Raul Rodriguez: We have deferred conversations with people on R343 already, pharma partners, because we want to have its Phase II results in hand first.

Jim Gower: In terms of performance, R343 is competitive with the steroids. We think we can achieve FEV1 [forced expiratory volume in one second, a measure of volume exhaled from the lungs] of 10% to 15%, same as the steroids. Merck’s Singulair, a leukotriene inhibitor, is about 8% FEV1. But compliance with the steroids is a nightmare. So, potentially, ‘343 is a little less challenging as a regimen to keep patients on the drug to maintain suppression of inflammation, which is what’s causing the basic problem. We’ll partner that one and probably structure the deal much like the RA drug because the cost elements are similar. Unless, of course, we find a subset of responder patients that we can identify using biomarkers, then we’ll further define that and maybe not partner.

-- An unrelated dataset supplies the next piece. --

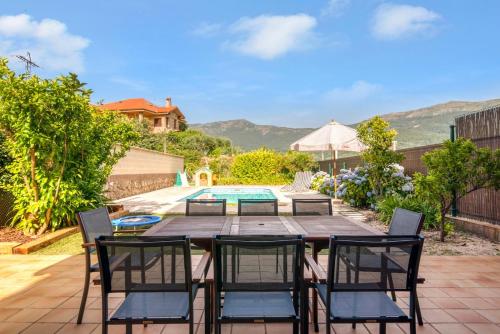 a patio with a table and chairs and a pool at Casa Gredos- Chimenea , Setas , BBQ , Relax in Mombeltrán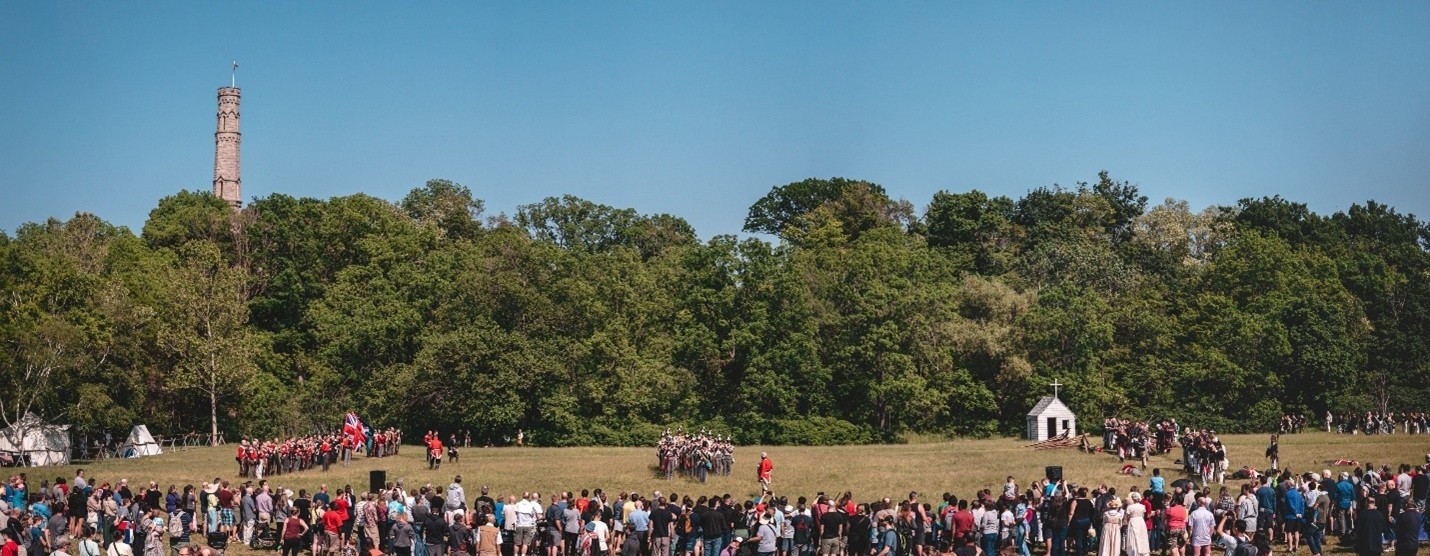 The Re-enactment of the Battle of Stoney Creek takes place between British and American re-enactors in the park next to Battlefield. The stone monument pokes up from behind trees in the background, and the audience stands in the foreground.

The Pink Sheet”: Looking out over the next three years, where do you see Rigel?

Jim Gower: We finished 2012 with about $300 million in cash. And we’re eligible for anywhere between $100 million to $200 million in milestones. But we’ve got enough to get our other programs at least through proof of concept, if not further, with the cash on hand. We own everything after fostamatinib. That’s fairly luxurious for a biotech; it’s kind of nice when you’ve got your fate in your own hands. Now, if we get results out of fostamatinib then that will sustain a royalty stream allowing us to do even more than the five programs we’ve got in the clinic now.

Raul Rodriguez: It’s a matter of how successful fostamatinib is going to be. I think it will generate the kind of revenue that we’re counting on. The downside [would be] that it’s not as big a product as we hope, maybe generating $50 million to $100 million. But even if it’s a small product, I think it doesn’t stop what we’re doing as a company. It simply delays it.